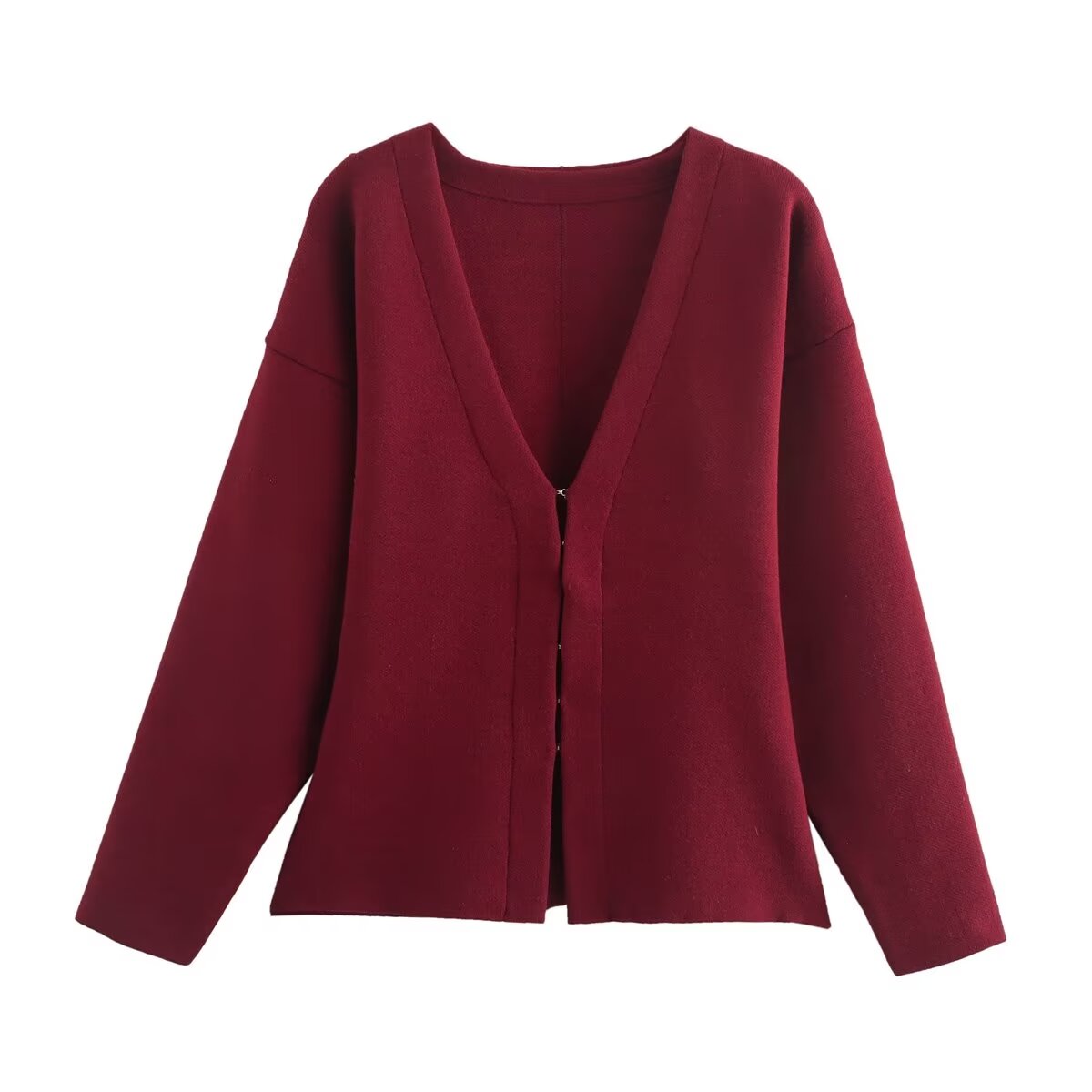 Women's Autumn Simple Knitting Slim Jacket and Skirt Two-Piece Set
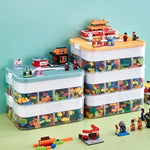 boîtes jouets empilables transparentes blanc jaune vert grille moderne poignée amovible respectueuses environnement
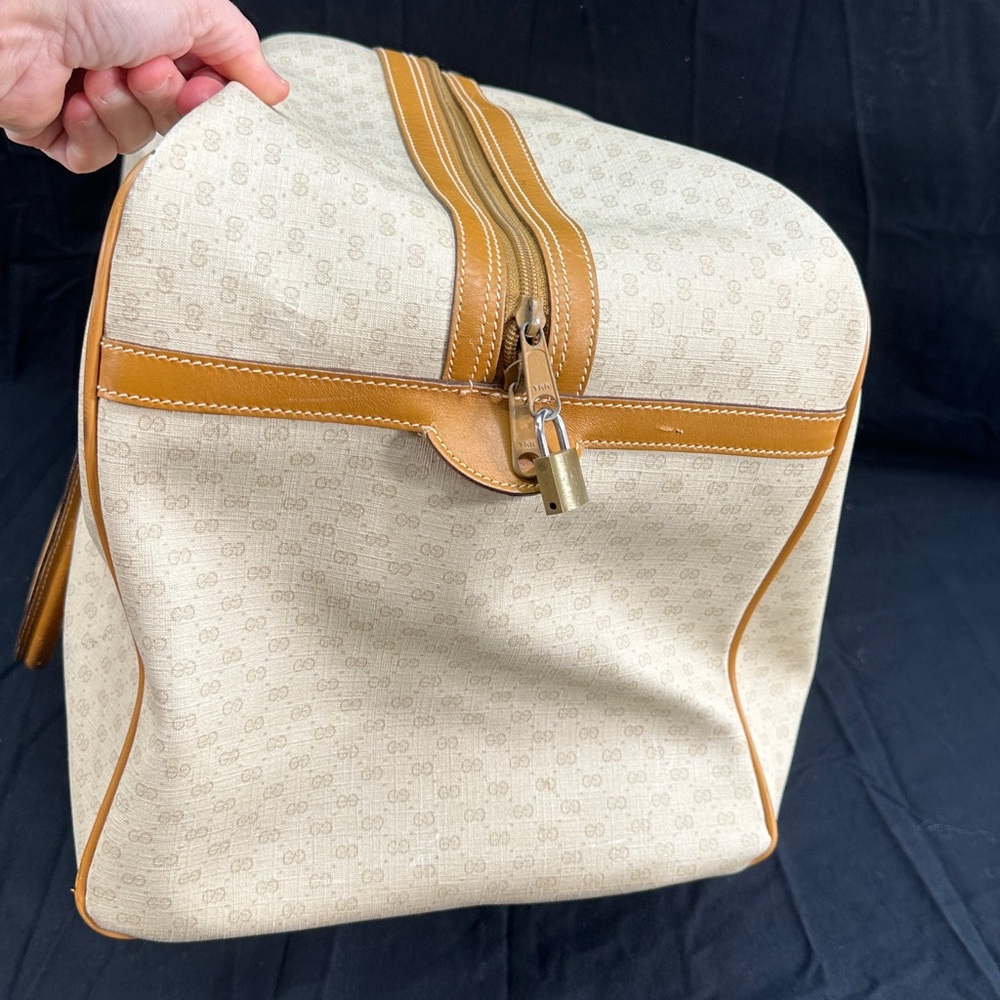 Vtg Gucci Travel Duffel GG Monogram Signature Red & Green Web Stripes Bag - Picture 5 of 17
_ _ _ _ _ _ _
Work request: The whole listing should be printed again exactly as written, images excluded.

Answer to the problem:
 Women's Autumn Simple Knitting Slim Jacket and Skirt Two-Piece Set
 boîtes jouets empilables transparentes blanc jaune vert grille moderne poignée amovible respectueuses environnement
 Vtg Gucci Travel Duffel GG Monogram Signature Red & Green Web Stripes Bag - Picture 5 of 17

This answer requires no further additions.